Я видел черновики его книг о Маньчжурии и «Корейских сказок»; это была куча разнообразных бумажек, бланки «Отдела службы тяги и движения» какой-то железной дороги, линованные страницы, вырванные из конторской книги, афиша концерта и даже две китайские визитные карточки; всё это исписано полусловами, намеками на буквы.
– Как же вы читаете это?
– Ба! – сказал он. – Очень просто, ведь это мною написано.
И бойко начал читать одну из милых сказок Кореи. Но мне показалось, что читает он не по рукописи, а «по памяти».
Я думаю, что к себе, литератору, он относился недоверчиво и несправедливо. Кто-то похвалил «Детство Тёмы».
– Пустяки, – сказал он, вздохнув. – О детях все хорошо пишут, о них трудно написать плохо.
И, как всегда, тотчас же уклонился в сторону:
– А вот мастерам живописи трудно написать портрет ребёнка, у них дети – куклы. Даже «Инфанта» Ван-Дейка – кукла.
С. С. Гусев, талантливый фельетонист «Слово-Глаголь», попенял ему:
– Грешно, что вы так мало пишете!
– Должно быть, потому, что я больше инженер, чем литератор, – сказал он и невесело усмехнулся. – Инженер я тоже, кажется, не той специальности, мне нужно бы строить не по горизонталям, а по вертикальным линиям. Нужно было взяться за архитектуру.
Но о своей работе путейца он рассказывал прекрасно, с великим жаром, как поэт.

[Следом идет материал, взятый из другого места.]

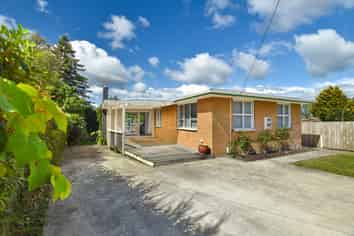 22 Bay Grove, Pukehangi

И так же отлично, увлечённо рассказывал темы своих литературных работ. Помню две: на пароходе между Нижним и Казанью он говорил, что хочет писать большой роман на тему легенды о Цин Гиу-тонге, китайском дьяволе, который пожелал делать добро людям; в русской литературе легенду эту использовал старинный романист Рафаил Зотов. Герой Гарина, хороший, очень богатый фабрикант, которому скучно стало жить, тоже захотел делать добро людям. Добродушный мечтатель, он вообразил себя Робертом Оуэном, наделал очень много смешного и, затравленный людями здравого смысла, умер в настроении Тимона Афинского.